» Your objective
If the records include pictures, omit them and set down everything else verbatim.

» Given records
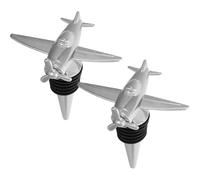 ANDRESLAD Tapón para Botella de Vino Reutilizable de Aleación y Silicona Cierre Hermético sin Fugas Diseño Metálico Avión Pack de 2 Unidades para Conservación y Sellado de Vino Abierto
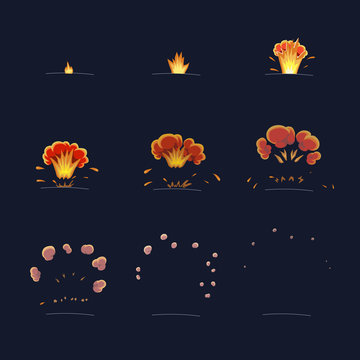 Explode effect animation. Flame and smoke. Cartoon explosion frames  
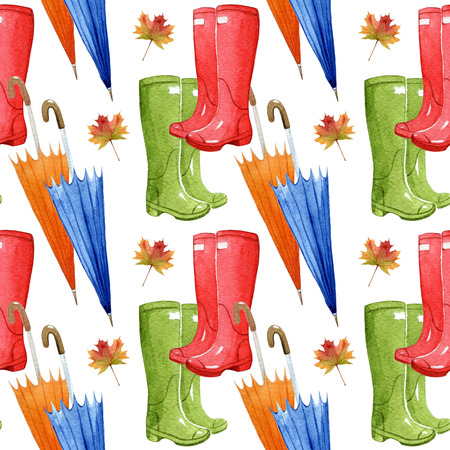 watercolor seamless pattern with autumn elements. Umbrella, leaf, rubber bootsの写真素材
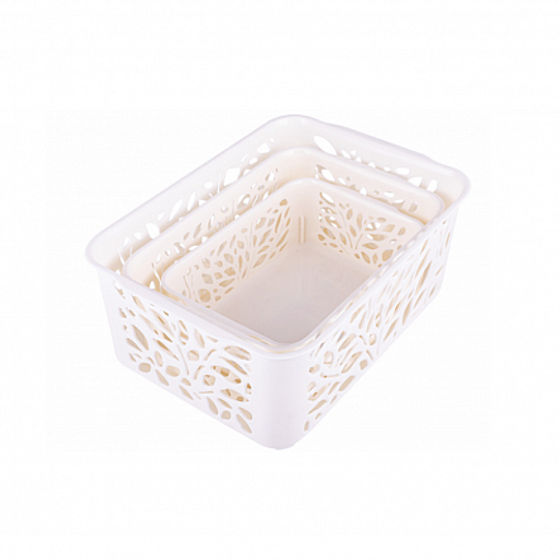 Набор корзинок LEAVES молочных 3шт S+M+L (1,2+2,3+4л)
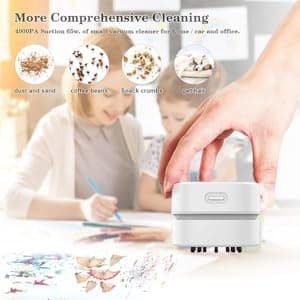 TRZLIFE Desk Vacuum Cleaner, Rechargeable and Durable Mini Desktop Vacuum with Bonus Accessories Desk Cleaner Sucks Tiny Items and Crumbs from Desktop Drawer Countertop Ideal as a White Elephant Gift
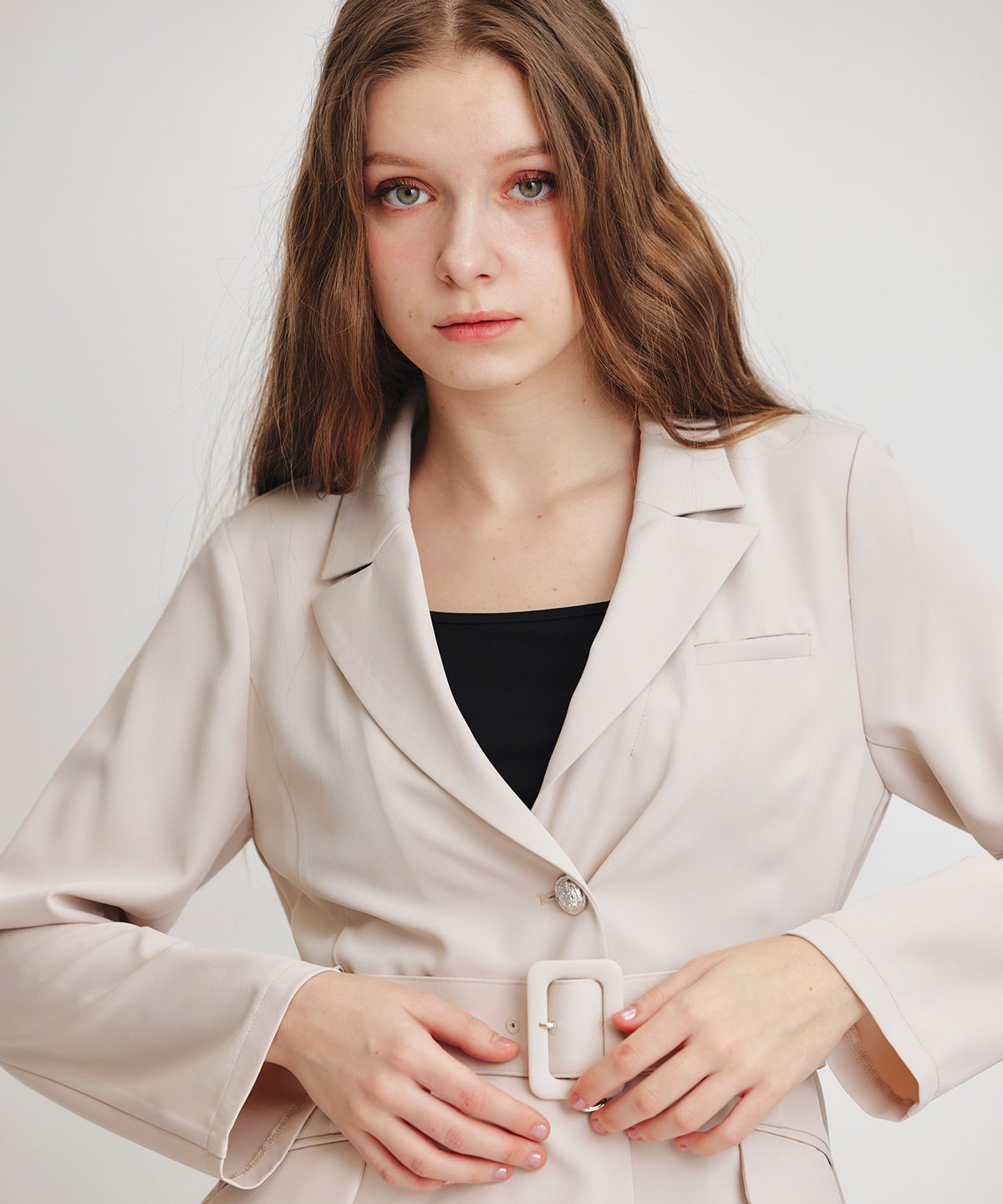 【セットアップ可能】アイシーカラーウエストマークベルトテーラードジャケット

» Result below
 ANDRESLAD Tapón para Botella de Vino Reutilizable de Aleación y Silicona Cierre Hermético sin Fugas Diseño Metálico Avión Pack de 2 Unidades para Conservación y Sellado de Vino Abierto
 Explode effect animation. Flame and smoke. Cartoon explosion frames  
 watercolor seamless pattern with autumn elements. Umbrella, leaf, rubber bootsの写真素材
 Набор корзинок LEAVES молочных 3шт S+M+L (1,2+2,3+4л)
 TRZLIFE Desk Vacuum Cleaner, Rechargeable and Durable Mini Desktop Vacuum with Bonus Accessories Desk Cleaner Sucks Tiny Items and Crumbs from Desktop Drawer Countertop Ideal as a White Elephant Gift
 【セットアップ可能】アイシーカラーウエストマークベルトテーラードジャケット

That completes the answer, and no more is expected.